By:   |   Updated: 2021-02-02   |   Comments   |   Related: > Azure


Problem

While Spark offers tremendous value in the advanced analytics and big data spaces, there are currently a few known limitations around indexing with Spark when compared to the SQL Server Indexing systems and processes. While Spark isn't great at b-tree indexing and single record lookups, Spark partitioning attempts to address some of these indexing limitations. However, when users query the data with a different search predicate than what was partitioned, this will result in a full scan of the data along with in-memory filtering on the Spark cluster, which is quite inefficient.

In my previous article, Getting Started with Delta Lake Using Azure Data Factory, I covered some of the benefits and capabilities of Delta Lake. While the Delta formats offer Z-ordering, which is the equivalent to a SQL Server Clustered Index, what other options do we have for non-clustered indexing in Spark in order to improve query performance as well as reduce operational overhead costs?

Solution

Microsoft recently announced a new open source indexing subsystem for Apache Spark called Hyperspace. While it is currently only partially baked at version 0.2 which only supports Spark 2.4, there is huge potential for this Spark indexing sub-system, specifically within the Azure Synapse Analytics landscape since it comes built into the Synapse workspaces.

Similar to a SQL Server non-clustered index, Hyperspace will:

  1. Create an index across a specified data-frame,
  2. Create a separate optimized and re-organized data store for the columns that are being indexed,
  3. Include additional columns in the optimized and re-organized data store, much like a non-clustered SQL Server index.

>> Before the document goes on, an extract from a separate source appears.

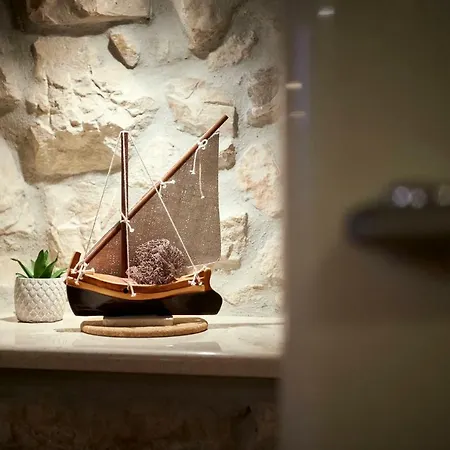 Capo - Old Town - Parking Apartman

This article will explore creating a dataset in a Synapse workspace along with a Hyperspace Index to compare a query using hyperspace indexed vs non-indexed tables to observe performance optimizations.

Pre-Requisites

Create a Synapse Analytics Workspace:

Prior to working with Hyperspace, a Synapse Analytics Workspace will need to be created. This quick-start describes the steps to create an Azure Synapse workspace by using the Azure portal: Quickstart: Create a Synapse workspace.

synapse workspace

Create a Spark Pool:

In addition to a Synapse workspace, a Spark Pool will be needed. For more information related to creating a Spark Pool, see: Quickstart: Create a new Apache Spark pool using the Azure portal.

For this demo, I have created a Medium Node size with 8 vCPU/ 64 GB.

Create a new synapse spark pool

Choose a Dataset:

Finally, we'll need a dataset to work with. While big datasets are always preferable, this would come with overhead and compute costs, therefore for this demo, I have used a subset of the NYC Taxi & Limousine Commission – yellow taxi trip records. While the entire record-set spans 1.5 billion records (50GB) from 2009 to 2018, I have chosen to use a 7-month subset of the data from 2018-05-01 to 2018-05-08, which is around 2.1 million records. Note that this dataset and more is also available in the Synapse Workspace Knowledge Center.

NYC Taxi DataSet

Import a Dataset

Now that we have established our pre-requisites, the following code will import the NycTlcYellow data from Azure ML Open Datasets. There is also a parser filter for the desired dates. Finally, the code will load the data to a spark data frame.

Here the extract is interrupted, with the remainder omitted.